▶ INSTRUCTIONS FOR THE TASK
Leave out every picture and set down, exactly, the lines below from the one holding "I'm going to use" up to and including the one holding "A miniature chemical".

▶ DATASET RECORDS
* * * *
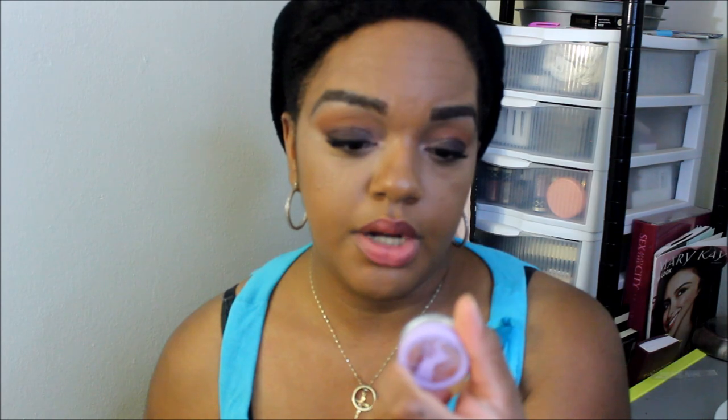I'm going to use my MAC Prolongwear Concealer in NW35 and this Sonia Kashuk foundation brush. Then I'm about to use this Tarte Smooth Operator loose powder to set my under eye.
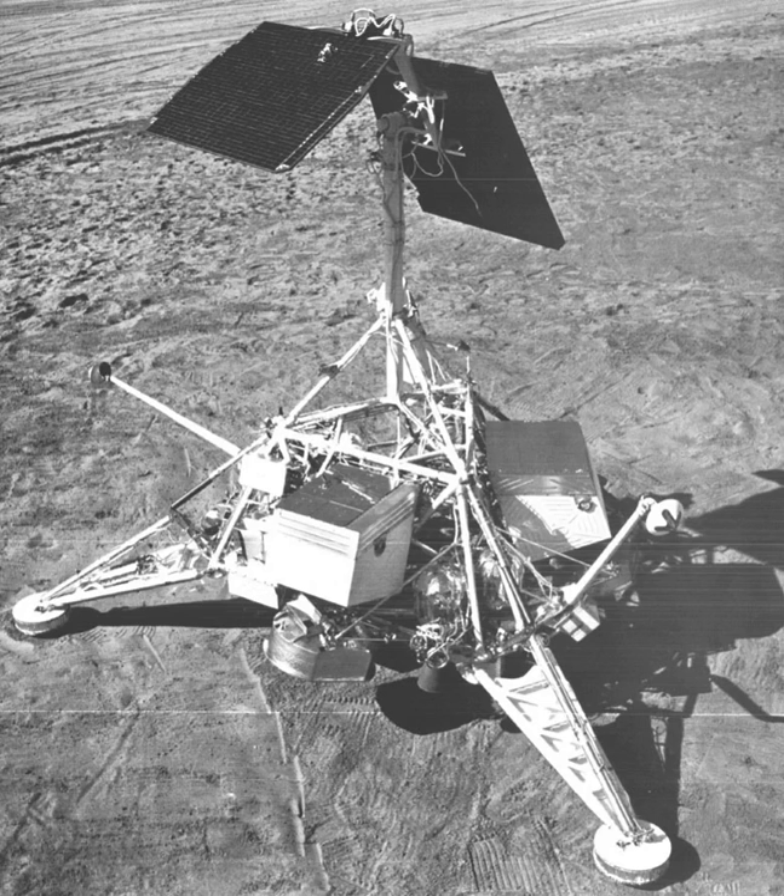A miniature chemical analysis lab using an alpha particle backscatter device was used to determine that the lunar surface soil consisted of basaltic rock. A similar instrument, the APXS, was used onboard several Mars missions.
* * * *
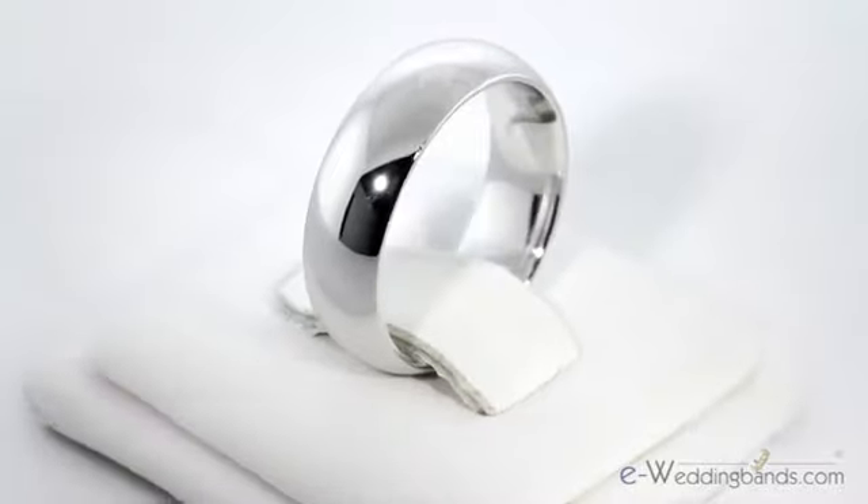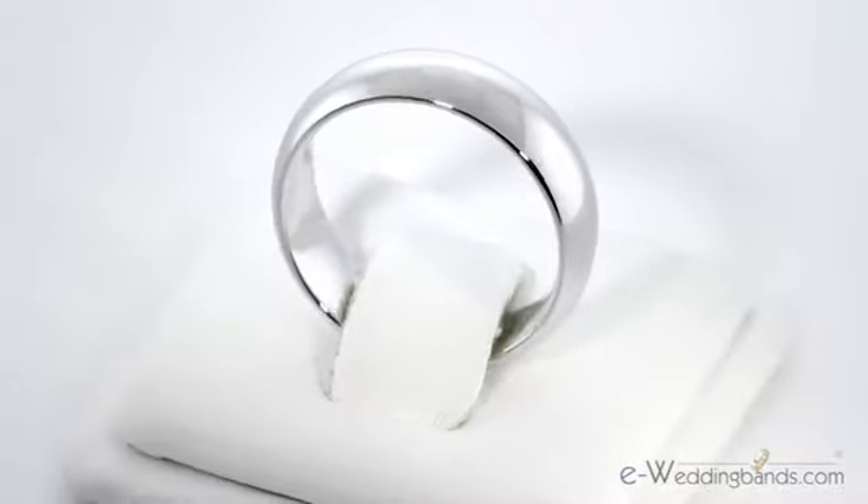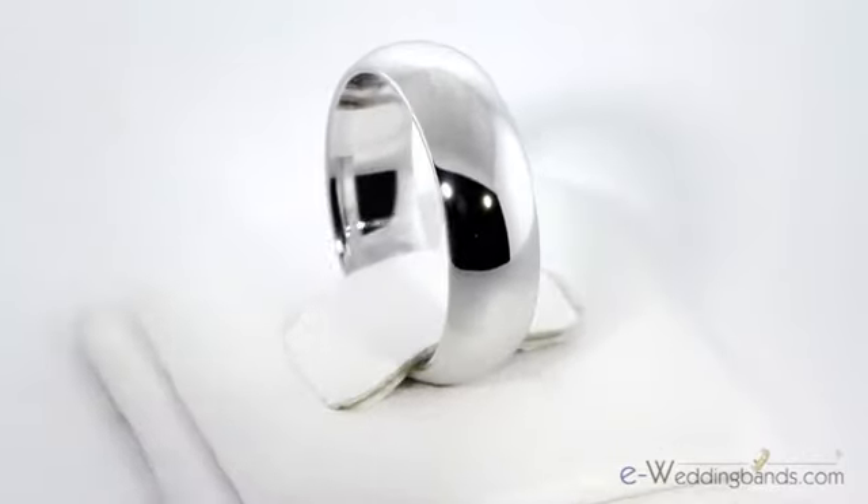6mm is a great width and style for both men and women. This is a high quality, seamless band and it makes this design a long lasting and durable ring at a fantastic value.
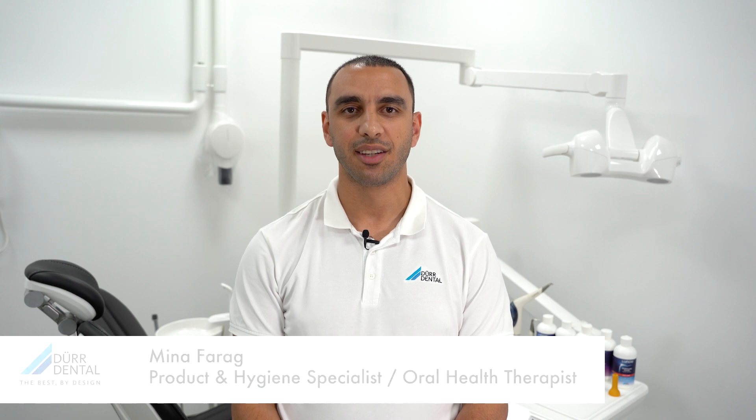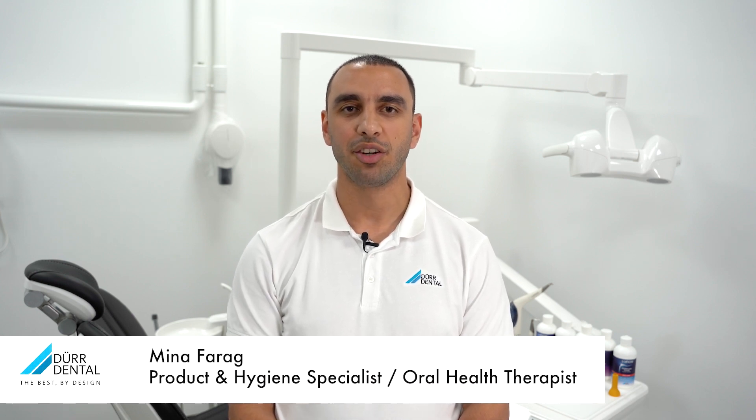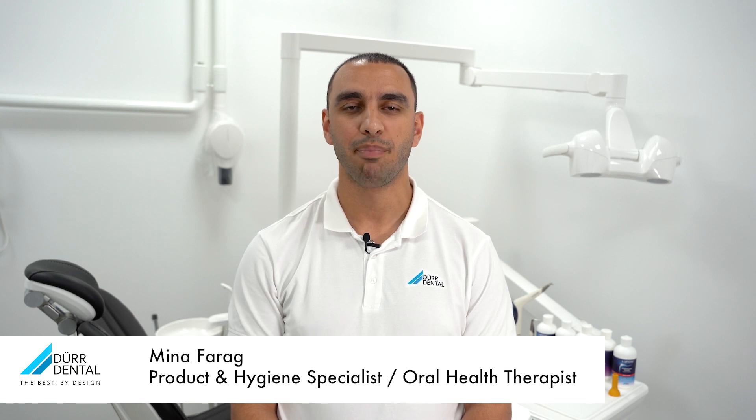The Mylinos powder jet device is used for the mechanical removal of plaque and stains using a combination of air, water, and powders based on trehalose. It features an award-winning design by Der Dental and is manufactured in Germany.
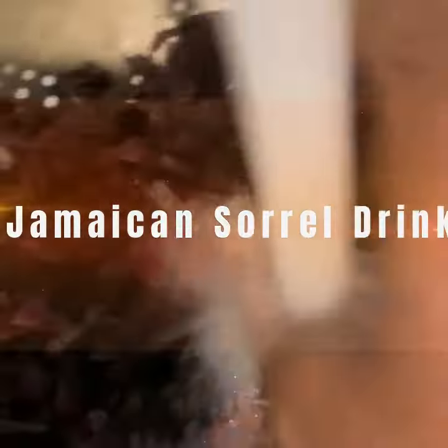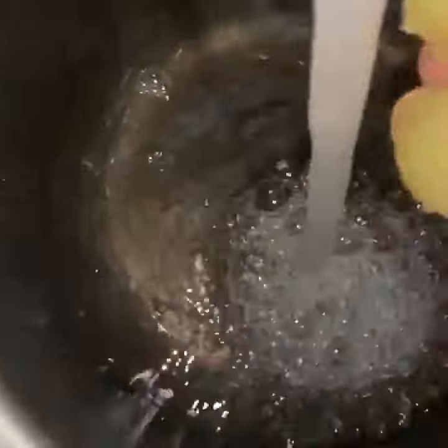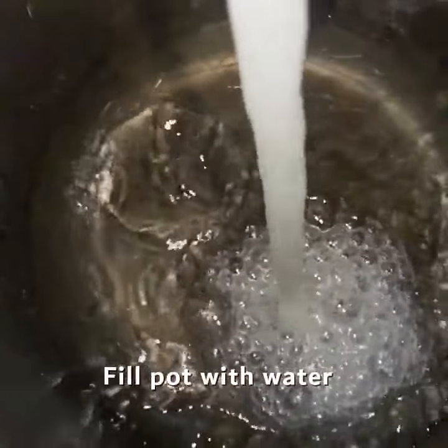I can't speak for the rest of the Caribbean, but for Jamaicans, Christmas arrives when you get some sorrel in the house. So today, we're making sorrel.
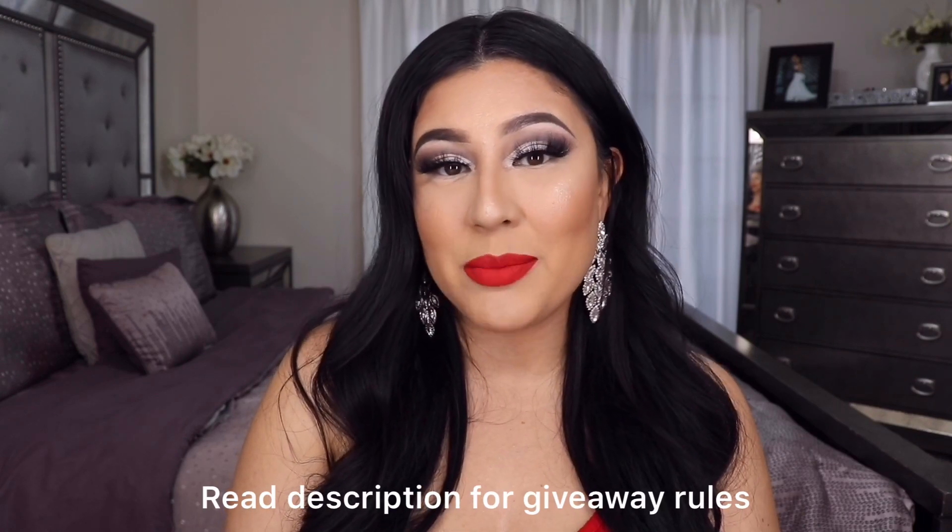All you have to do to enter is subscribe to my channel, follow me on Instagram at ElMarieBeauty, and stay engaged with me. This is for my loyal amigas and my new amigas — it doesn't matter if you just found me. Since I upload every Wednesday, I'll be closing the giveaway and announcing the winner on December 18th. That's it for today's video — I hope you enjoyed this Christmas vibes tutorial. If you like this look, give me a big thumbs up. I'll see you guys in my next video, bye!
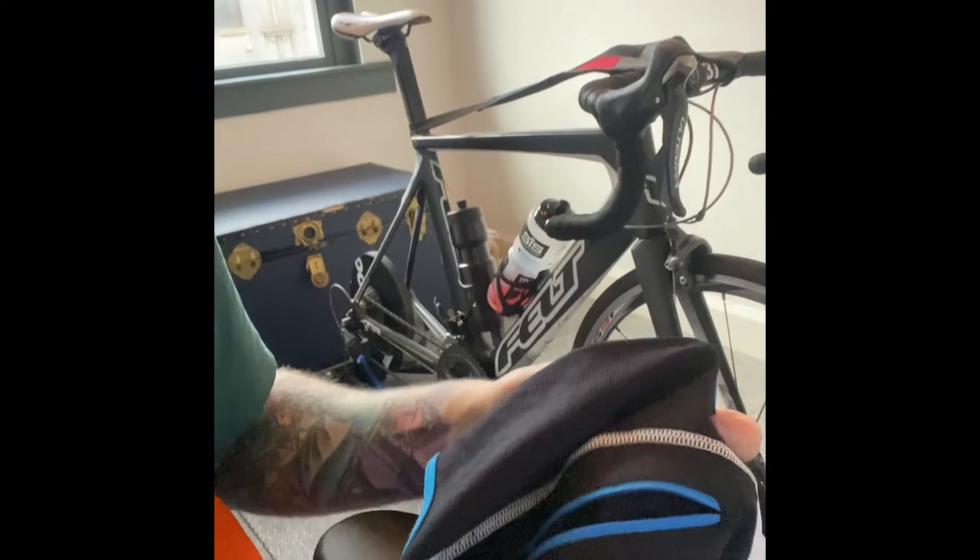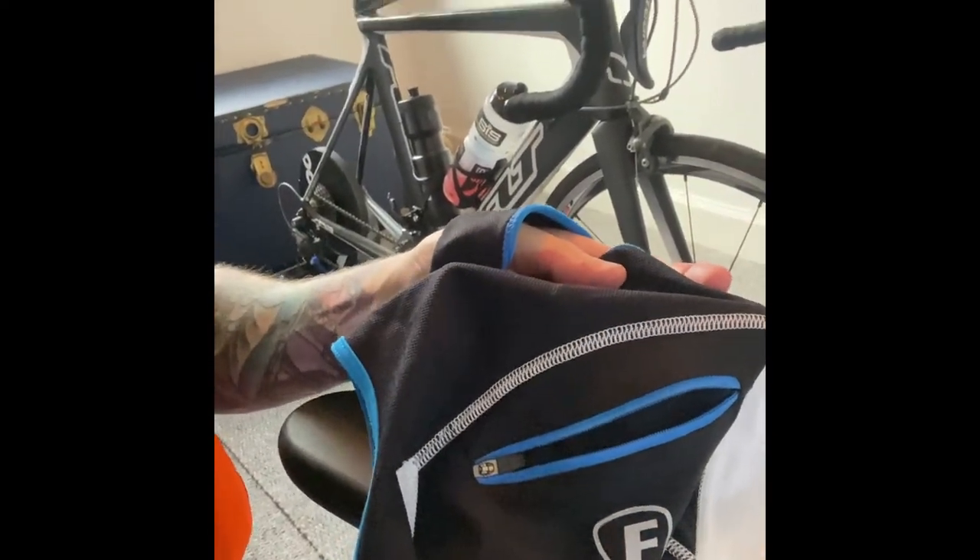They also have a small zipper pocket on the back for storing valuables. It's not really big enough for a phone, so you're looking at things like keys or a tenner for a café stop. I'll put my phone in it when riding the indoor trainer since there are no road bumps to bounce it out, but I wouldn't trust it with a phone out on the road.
* * * *
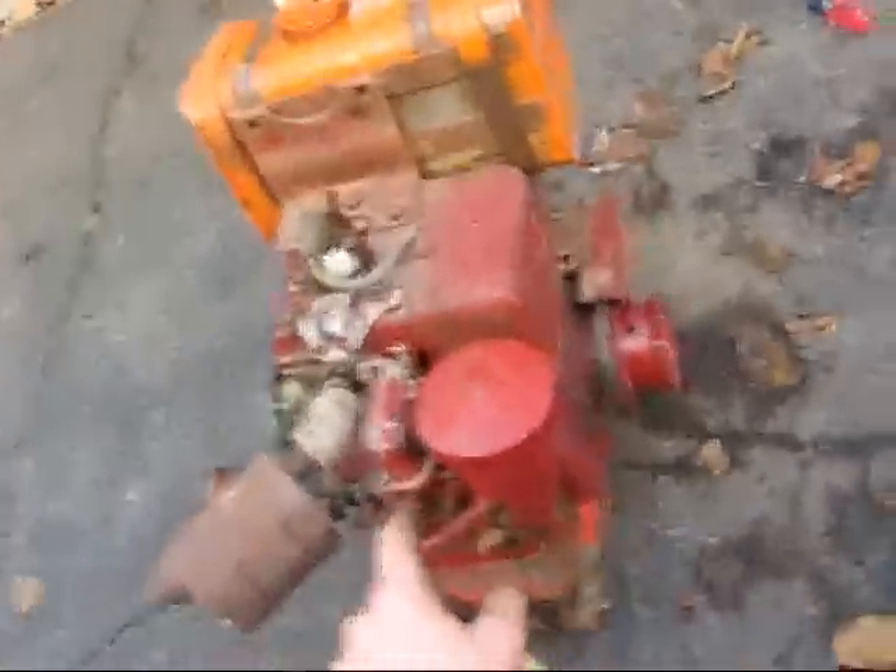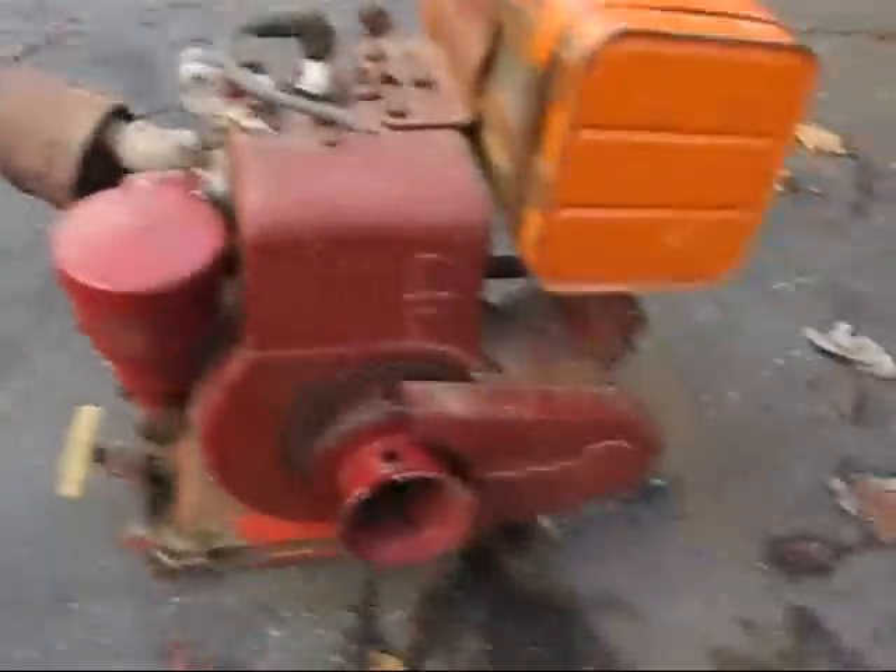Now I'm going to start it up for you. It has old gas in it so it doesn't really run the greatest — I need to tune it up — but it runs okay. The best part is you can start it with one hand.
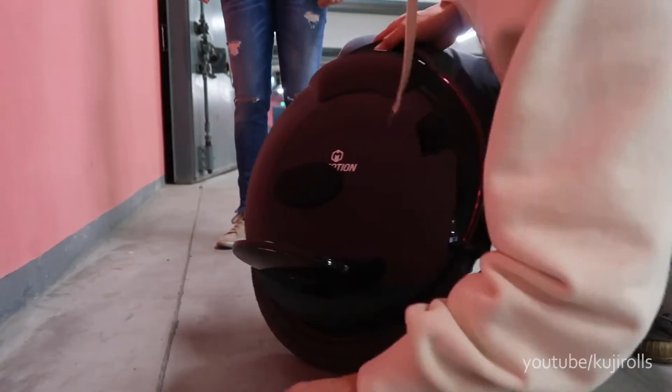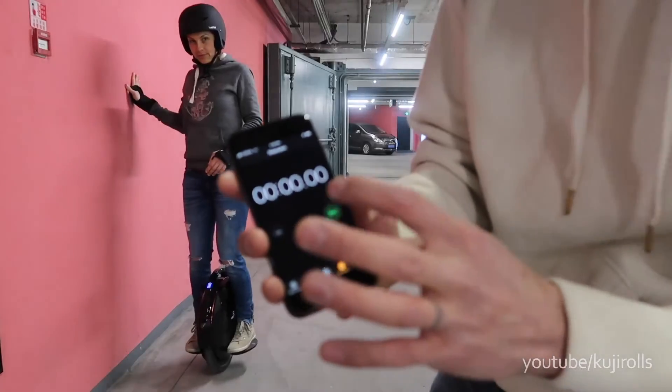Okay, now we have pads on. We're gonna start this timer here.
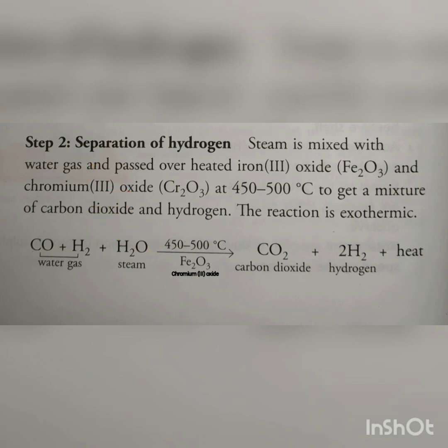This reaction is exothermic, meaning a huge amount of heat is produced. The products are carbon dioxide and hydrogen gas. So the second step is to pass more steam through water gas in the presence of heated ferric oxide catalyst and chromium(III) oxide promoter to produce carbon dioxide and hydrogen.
* * * *
▶ SOLUTION FOR THIS TASK
I'm going to use my MAC Prolongwear Concealer in NW35 and this Sonia Kashuk foundation brush. Then I'm about to use this Tarte Smooth Operator loose powder to set my under eye.
A miniature chemical analysis lab using an alpha particle backscatter device was used to determine that the lunar surface soil consisted of basaltic rock. A similar instrument, the APXS, was used onboard several Mars missions.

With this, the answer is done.